### [Task prompt]
What is needed is each line of the data below that holds the string "Face".

*** Provided material ***

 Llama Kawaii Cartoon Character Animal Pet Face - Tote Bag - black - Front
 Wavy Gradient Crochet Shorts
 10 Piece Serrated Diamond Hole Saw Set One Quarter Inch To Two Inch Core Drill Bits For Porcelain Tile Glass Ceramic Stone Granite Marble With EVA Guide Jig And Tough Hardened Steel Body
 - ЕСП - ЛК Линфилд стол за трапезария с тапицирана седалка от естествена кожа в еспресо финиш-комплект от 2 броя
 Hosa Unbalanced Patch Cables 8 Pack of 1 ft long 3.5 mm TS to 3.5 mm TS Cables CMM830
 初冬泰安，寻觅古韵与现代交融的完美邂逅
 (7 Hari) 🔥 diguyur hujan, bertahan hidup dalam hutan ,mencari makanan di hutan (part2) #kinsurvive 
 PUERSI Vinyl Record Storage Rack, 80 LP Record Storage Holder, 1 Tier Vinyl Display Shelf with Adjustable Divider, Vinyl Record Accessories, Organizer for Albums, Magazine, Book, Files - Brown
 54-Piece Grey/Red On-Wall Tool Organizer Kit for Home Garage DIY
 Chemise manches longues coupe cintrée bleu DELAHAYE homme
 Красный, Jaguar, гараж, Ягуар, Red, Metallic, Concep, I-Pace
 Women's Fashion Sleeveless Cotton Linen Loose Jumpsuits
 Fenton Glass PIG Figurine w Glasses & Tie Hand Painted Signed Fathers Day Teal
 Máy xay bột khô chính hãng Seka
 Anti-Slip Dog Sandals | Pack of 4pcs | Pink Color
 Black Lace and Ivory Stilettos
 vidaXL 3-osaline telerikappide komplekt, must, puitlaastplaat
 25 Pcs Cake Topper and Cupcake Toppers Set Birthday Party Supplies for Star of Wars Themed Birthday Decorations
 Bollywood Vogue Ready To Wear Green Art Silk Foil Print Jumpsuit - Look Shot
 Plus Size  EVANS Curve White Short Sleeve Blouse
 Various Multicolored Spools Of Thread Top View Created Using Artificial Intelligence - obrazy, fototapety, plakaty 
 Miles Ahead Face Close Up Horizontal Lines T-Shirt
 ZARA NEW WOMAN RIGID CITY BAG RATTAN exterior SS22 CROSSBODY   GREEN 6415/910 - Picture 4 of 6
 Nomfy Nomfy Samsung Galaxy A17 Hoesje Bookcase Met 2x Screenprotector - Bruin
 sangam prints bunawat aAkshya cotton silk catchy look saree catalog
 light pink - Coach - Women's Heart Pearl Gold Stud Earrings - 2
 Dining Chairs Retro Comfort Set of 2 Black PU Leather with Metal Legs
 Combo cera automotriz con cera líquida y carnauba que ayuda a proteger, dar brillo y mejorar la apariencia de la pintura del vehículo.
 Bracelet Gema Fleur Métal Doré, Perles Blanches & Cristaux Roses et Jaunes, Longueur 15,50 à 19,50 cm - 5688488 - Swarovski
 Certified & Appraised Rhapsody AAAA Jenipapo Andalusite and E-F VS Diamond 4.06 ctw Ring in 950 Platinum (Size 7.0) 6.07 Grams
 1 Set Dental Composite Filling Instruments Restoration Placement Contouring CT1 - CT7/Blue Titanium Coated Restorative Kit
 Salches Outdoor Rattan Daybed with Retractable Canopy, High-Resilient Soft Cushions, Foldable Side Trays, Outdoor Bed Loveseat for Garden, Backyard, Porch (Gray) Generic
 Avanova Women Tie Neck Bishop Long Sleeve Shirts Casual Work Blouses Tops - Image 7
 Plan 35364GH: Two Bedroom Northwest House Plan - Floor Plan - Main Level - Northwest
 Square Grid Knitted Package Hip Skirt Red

*** End of Provided material ***

### [Answer for the task]
 Llama Kawaii Cartoon Character Animal Pet Face - Tote Bag - black - Front
 Miles Ahead Face Close Up Horizontal Lines T-Shirt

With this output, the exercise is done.